L'avantage de l'observation des primitifs, c'est que leur société étant plus simple et plus petite, une analyse globale se heurte à moins d'obstacles. Il n'y a pas de civilisation « primitive » ni de civilisation « évoluée » ; il n'y a que des réponses différentes à des problèmes fondamentaux et identiques. Non seulement les « sauvages » pensent, mais la « pensée sauvage » n'est pas inférieure à la nôtre, et elle est fort complexe ; simplement, elle ne fonctionne pas comme la nôtre. « La pensée occidentale, dit Lévi-Strauss, est déterminée par l'intelligible : nous évacuons nos sensations pour manipuler des concepts. À l'inverse, la pensée sauvage calcule, non pas avec des données abstraites, mais avec l'enseignement de l'expérience sensible : odeurs, textures, couleurs ». Dans les deux cas, l'homme s'emploie à déchiffrer l'Univers, et la pensée sauvage, à sa manière, y parvient aussi bien que la pensée moderne.

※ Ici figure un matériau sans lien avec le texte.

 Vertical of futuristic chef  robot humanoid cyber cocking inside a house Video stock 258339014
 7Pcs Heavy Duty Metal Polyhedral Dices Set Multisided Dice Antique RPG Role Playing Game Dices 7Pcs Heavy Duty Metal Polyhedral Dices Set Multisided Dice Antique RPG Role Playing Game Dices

Ce qui distingue « l'homme civilisé » du « primitif », c'est l'attitude devant l'Histoire, dit Lévi-Strauss. Les primitifs n'aiment pas l'Histoire, ils désirent ne pas en avoir ; ils se veulent primitifs plus qu'ils ne le sont véritablement. En fait, bien des événements ont bousculé les sociétés sauvages — guerre et paix, règnes et révolutions —, mais elles préfèrent en effacer les traces. Ces sociétés préfèrent se voir immuables, telles qu'elles se croient créées par les dieux. Chez nous autres « modernes », à l'inverse, l'Histoire est un objet de vénération. C'est par l'idée que nous nous faisons de notre histoire que nous cherchons à comprendre le passé, le présent et à orienter l'avenir. L'Histoire est, selon Lévi-Strauss, le dernier mythe des sociétés « modernes ». Nous arrangeons l'Histoire à la manière dont les primitifs arrangent les mythes : une manipulation arbitraire pour inventer une vision globale de l'Univers.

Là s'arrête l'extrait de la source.